20 Facts About Polycarp


Polycarp is regarded as a saint and Church Father in the Catholic, Eastern Orthodox, Oriental Orthodox, Anglican, and Lutheran churches.


In On Illustrious Men, Jerome writes that Polycarp was a disciple of John the Apostle and that John had ordained him as a bishop of Smyrna.


Polycarp is regarded as one of three chief Apostolic Fathers, along with Clement of Rome and Ignatius of Antioch.


Irenaeus reports that Polycarp was converted to Christianity by apostles, was consecrated a presbyter, and communicated with many who had seen Jesus.


Polycarp writes that he had had the good fortune, when young, to know Polycarp, who was then far advanced in years.


Polycarp followed the Eastern practice of celebrating the feast on the 14th of Nisan, the day of the Jewish Passover, regardless of the day of the week on which it fell, while Anicetus followed the Western practice of celebrating the feast on the first Sunday following the first full moon after the spring equinox.


Anicetus allowed Polycarp to celebrate the Eucharist in his own church, which was regarded by the Romans as a great honor.


Polycarp occupies an important place in the history of the early Christian Church, was called "the most admirable Polycarp one of these [elect], in whose times among us he showed himself an apostolic and prophetic teacher and bishop of the Catholic Church in Smyrna" by his contemporaries.


Jerome wrote that Polycarp was a "disciple of the apostle John and by him ordained presbyter of Smyrna".


Polycarp was an elder of an important congregation that was a large contributor to the founding of the Christian Church.


Polycarp is from an era whose orthodoxy is widely accepted by Eastern Orthodox Churches, Oriental Orthodox Churches, Church of God groups, Sabbatarian groups, mainstream Protestants and Catholics alike.


Polycarp's role was to authenticate orthodox teachings through his connection with the apostle John: "a high value was attached to the witness Polycarp could give as to the genuine tradition of old apostolic doctrine" "his testimony condemning as offensive novelties the figments of the heretical teachers".

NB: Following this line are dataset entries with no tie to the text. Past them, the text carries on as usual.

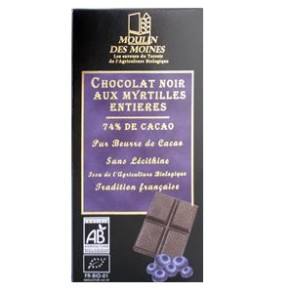 Produits Bio Chocolat noir bio 74% myrtilles- 100 g BIODIS FRAIS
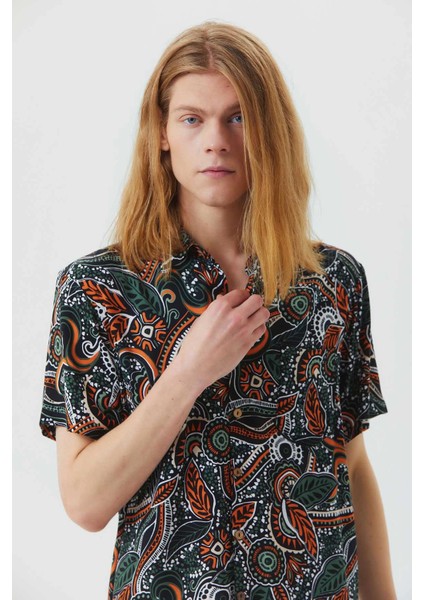 Bohem Tarz Kısa Kollu Desenli Gömlek indirimleri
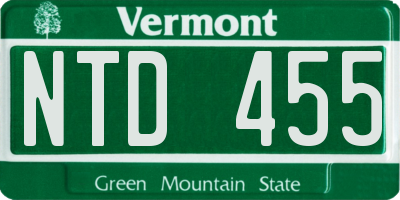 VT license plate NTD455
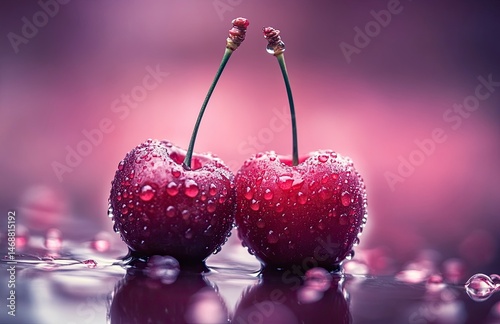 A close-up of fresh, juicy cherries with water droplets on them. The background is blurred to emphasize the vibrant red color and texture of the cherry fruit. High-resolution photography,generative ai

Polycarp's soteriology is not clear; he does cite Ephesians 2:8 to say salvation is by grace rather than works, though later exhorts his readers to do good works.

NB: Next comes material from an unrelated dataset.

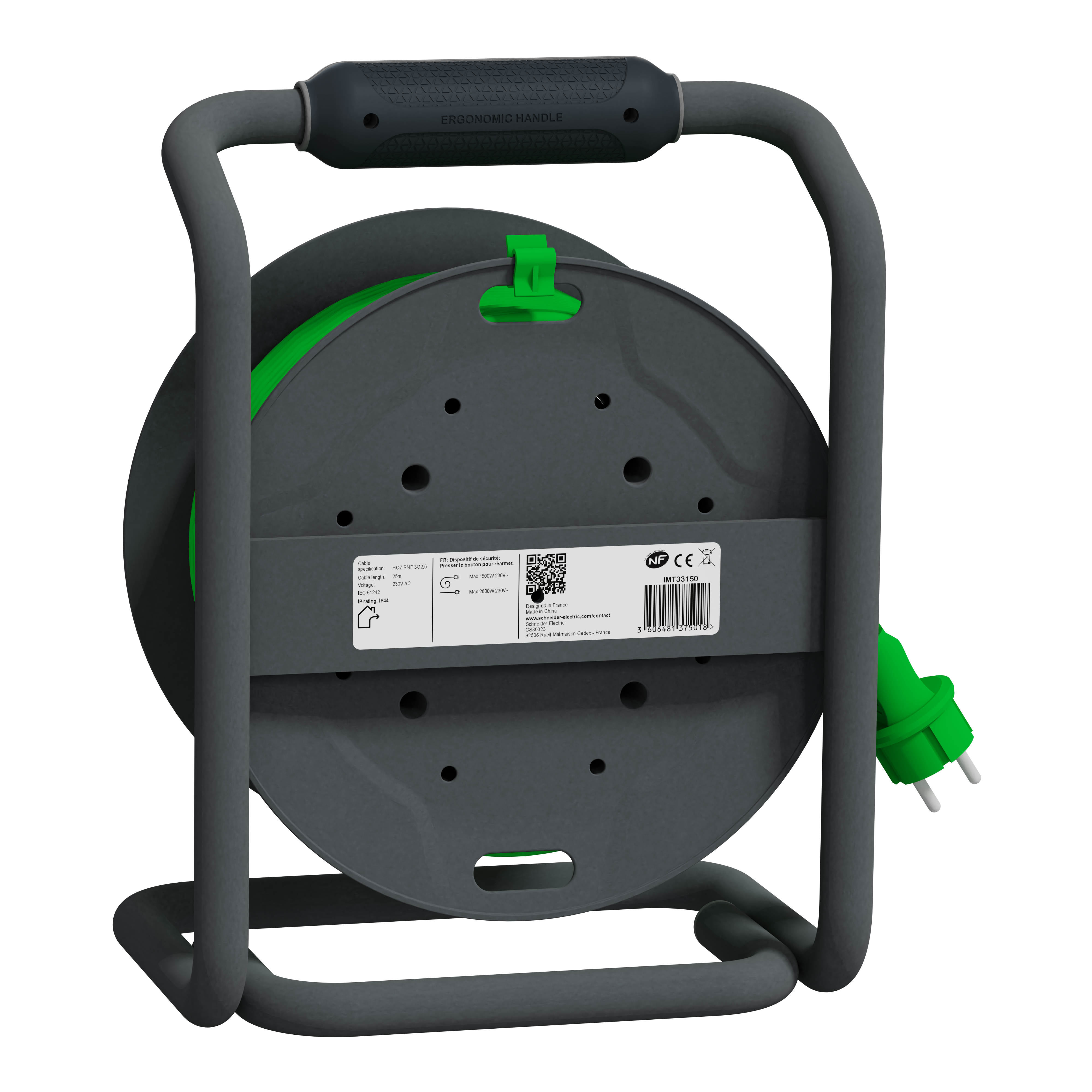 Enrouleur de câble électrique 25m - H07RNF - 3G 2,5mm², SCHNEIDER ELECTRIC - 2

Polycarp could have believed that works are mere results of saving grace or that they are necessary to keep salvation and that they have meritorious value, thus we cannot know if he was a monergist or a synergist.


Polycarp outright denied the teachings of Marcion, claiming he was the firstborn of Satan.


Polycarp refers to multiple books of the New Testament as scripture, including: Matthew, Acts, 1 John, Philippians, Jude, 1 Peter, 1 Timothy, 2 Timothy, Romans and others.


Polycarp appears to make heresy a more serious issue than immorality.


Polycarp calls immoral people to repent but called the false teachers "firstborn of Satan".


Polycarp stated, "I have served him eighty-six years and in no way has he dealt unjustly with me".


Proponents of infant baptism have argued that this quote shows Polycarp being baptized as an infant, the argument being that if Polycarp was a servant of Christ for 86 years, he would have been a servant of Christ from infancy, suggesting infant baptism.